Ayat ini turun beberapa hari setelah Rasulullah bertemu dengan beberapa orang Yahudi yang datang kepada Rasul khusus untuk menanyakan persoalan seputar keberadaan para penghuni gua Al-Kahfi. Saat itu Rasul menjawab bahwa beliau akan menjawab pertanyaan mereka ” besok” tanpa mengatakan ” Insya Allah” dengan harapan dan keyakinan tentu Allah besok akan memberi jawaban. Walaupun ketika beliau mengatakan hal tersebut beliau tidak mempunyai maksud hendak mendahului kehendak-Nya.
Namun ternyata hingga beberapa hari kemudian Rasul tidak mendapat jawaban hingga orang-orang Yahudipun mulai mencemooh dan mentertawakan beliau. Dapat dibayangkan betapa risau dan sedihnya hati Rasulullah. Rasul segera bertobat dan memohon ampunan atas segala kesalahan dan khilaf. Maka turunlah ayat diatas.
Sebagai manusia biasa suatu ketika Rasul juga penah khilaf. Namun Allah segera menegur dengan turunnya ayat berikut :
” Dia (Muhammad) bermuka masam dan berpaling karena telah datang seorang buta kepadanya ”.(QS. Abasa (80):1-2).
Ini terjadi ketika Rasul sedang menerangkan ajaran Islam yang diembannya kepada para pembesar Quraisy.
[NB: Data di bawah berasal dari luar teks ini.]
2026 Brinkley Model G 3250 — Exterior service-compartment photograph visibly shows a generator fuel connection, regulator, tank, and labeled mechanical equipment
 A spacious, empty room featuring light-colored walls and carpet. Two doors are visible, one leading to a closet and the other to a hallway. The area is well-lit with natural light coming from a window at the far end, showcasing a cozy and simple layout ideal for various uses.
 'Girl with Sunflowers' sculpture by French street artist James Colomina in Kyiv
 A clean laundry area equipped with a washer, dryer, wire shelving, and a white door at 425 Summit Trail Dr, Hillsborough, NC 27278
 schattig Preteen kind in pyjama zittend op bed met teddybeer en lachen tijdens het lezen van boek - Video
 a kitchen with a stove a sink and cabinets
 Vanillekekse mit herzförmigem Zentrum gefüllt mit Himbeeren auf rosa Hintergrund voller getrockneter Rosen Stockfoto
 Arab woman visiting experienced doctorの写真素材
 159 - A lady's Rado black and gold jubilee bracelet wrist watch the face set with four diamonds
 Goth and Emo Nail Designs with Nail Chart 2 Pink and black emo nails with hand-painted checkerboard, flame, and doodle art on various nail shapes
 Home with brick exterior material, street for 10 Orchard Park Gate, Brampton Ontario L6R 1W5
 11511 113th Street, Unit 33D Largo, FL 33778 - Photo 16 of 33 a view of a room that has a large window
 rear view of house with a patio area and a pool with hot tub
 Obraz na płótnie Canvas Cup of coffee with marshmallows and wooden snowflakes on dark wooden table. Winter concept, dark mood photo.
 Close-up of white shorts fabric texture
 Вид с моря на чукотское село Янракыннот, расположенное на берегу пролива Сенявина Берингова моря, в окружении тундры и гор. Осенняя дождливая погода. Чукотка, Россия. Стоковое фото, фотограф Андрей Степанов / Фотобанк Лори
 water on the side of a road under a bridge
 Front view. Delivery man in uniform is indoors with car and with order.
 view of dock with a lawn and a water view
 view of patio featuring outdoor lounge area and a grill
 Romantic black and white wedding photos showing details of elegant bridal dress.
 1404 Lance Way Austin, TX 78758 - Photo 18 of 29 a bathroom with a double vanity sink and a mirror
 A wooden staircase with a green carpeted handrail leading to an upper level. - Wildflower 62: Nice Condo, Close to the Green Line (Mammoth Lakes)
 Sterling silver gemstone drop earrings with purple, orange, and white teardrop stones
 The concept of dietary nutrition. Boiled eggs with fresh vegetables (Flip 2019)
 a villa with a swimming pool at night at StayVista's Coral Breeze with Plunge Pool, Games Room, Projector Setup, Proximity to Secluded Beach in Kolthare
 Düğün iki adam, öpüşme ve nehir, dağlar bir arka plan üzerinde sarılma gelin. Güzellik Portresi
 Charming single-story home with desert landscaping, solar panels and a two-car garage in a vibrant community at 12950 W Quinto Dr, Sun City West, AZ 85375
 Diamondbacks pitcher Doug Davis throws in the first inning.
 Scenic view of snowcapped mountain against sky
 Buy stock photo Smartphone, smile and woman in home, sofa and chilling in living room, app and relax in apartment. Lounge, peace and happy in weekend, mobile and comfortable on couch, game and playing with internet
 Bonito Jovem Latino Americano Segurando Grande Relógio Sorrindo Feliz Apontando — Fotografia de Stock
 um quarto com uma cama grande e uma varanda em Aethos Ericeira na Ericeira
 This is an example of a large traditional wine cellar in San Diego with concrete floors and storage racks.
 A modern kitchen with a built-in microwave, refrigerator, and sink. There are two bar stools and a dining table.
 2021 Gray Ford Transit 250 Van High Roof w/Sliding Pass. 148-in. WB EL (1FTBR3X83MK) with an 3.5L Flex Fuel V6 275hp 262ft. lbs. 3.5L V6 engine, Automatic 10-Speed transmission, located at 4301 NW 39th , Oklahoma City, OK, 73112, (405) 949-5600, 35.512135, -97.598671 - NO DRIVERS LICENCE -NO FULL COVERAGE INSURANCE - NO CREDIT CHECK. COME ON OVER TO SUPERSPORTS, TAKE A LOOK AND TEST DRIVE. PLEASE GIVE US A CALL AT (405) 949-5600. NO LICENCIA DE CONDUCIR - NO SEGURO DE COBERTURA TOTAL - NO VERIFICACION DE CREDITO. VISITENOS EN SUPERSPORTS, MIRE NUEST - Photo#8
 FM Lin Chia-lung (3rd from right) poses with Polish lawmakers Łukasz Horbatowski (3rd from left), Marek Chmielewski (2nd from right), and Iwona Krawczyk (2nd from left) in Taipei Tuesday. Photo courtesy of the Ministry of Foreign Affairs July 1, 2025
Harapannya begitu besar agar para pembesar tersebut mau menerima dan memeluk Islam. Namun tiba-tiba datang seorang lelaki tuna netra menanyakan sesuatu tentang ajaran Islam kepada Rasul. Saat itulah Rasul merasa terganggu hingga tanpa terasa raut wajah beliau berubah menjadi masam. Maka Allahpun segera menegur melalui ayat diatas dan ayat-ayat yang mengikutinya sbb :
” Tahukah kamu barangkali ia ingin membersihkan dirinya (dari dosa) atau dia (ingin) mendapatkan pengajaran, lalu pengajaran itu memberi manfa’at kepadanya? Adapun orang yang merasa dirinya serba cukup maka kamu melayaninya. Padahal tidak ada (celaan) atasmu kalau dia tidak membersihkan diri (beriman). Dan adapun orang yang datang kepadamu dengan bersegera (untuk mendapatkan pengajaran) sedang ia takut kepada (Allah) maka kamu mengabaikannya. Sekali-kali jangan (demikian)! Sesungguhnya ajaran-ajaran Tuhan itu adalah suatu peringatan,”( QS.Abasa(80):3-11)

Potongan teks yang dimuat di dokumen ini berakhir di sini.